Four days after Daryl’s death, she tested positive for COVID herself. From quarantine, she tried to manage Daryl’s memorial and while being careful not to infect her mother, who lives in the apartment below her.
Then the bills started coming. With no income from Bricks 4 Kidz, Tara was overwhelmed. Daryl wasn’t paid for his time in the hospital. His insurance—which covered them both—expired just four days following his passing. By the time she recovered from her own illness, Tara was uninsured and facing a $1,100 bill to ontinue his health plan under COBRA. Her last doctor’s visit was uncovered.
Their church pitched in to help. Fortunately, her mother could pay her mortgage for a few months, and Tara got a small business loan to pay her part-time employees in May.

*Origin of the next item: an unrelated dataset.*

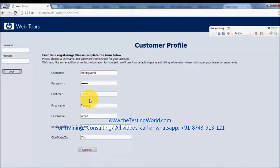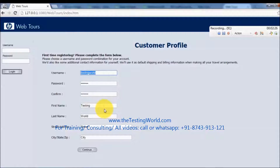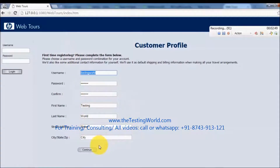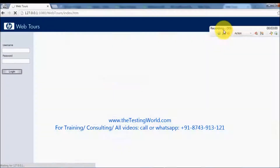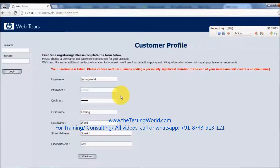Before clicking Continue, I want to discuss something. If you've worked on QTP or Selenium, when you type something in a text box or click somewhere, one line is recorded. But here in LoadRunner, even though we've filled the complete form, it will not record anything yet. LoadRunner records only the transactions taking place between the client and server. Since we've just filled the form and haven't sent anything to the server, nothing is recorded yet.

But she still had to run up her credit cards to make ends meet.
“I am just grateful to God for putting all these people in our lives.”
Over the summer, Tara threw herself into her business. She set up virtual Zoom sessions and worked with the Newark school district to receive payment for work done at the beginning of the year. Without Daryl, Tara had to change how she thought about Bricks 4 Kidz.
“He was the safety net for my business,” Tara said. “My business expenses increase because now I really have to pay myself from the business.”
Tara secured a contract with Newark schools to provide programming for summer camps and slowly began booking contracts for 2021. She has been looking to give her employees more hours and even to rent new space again. She’s scared but appreciative of the support she’s received from her family and "Village", which includes church members, family, and friends, both near and far.
“I am just grateful to God for putting all these people in our lives because I don’t see how people do it without it,” she said. “I really don’t.”
If Tara and her husband had an option to receive paid family medical leave their financial circumstances could have been drastically improved. “Having paid family medical leave for 12 weeks instead of 12 weeks with no money is definitely better,” she said.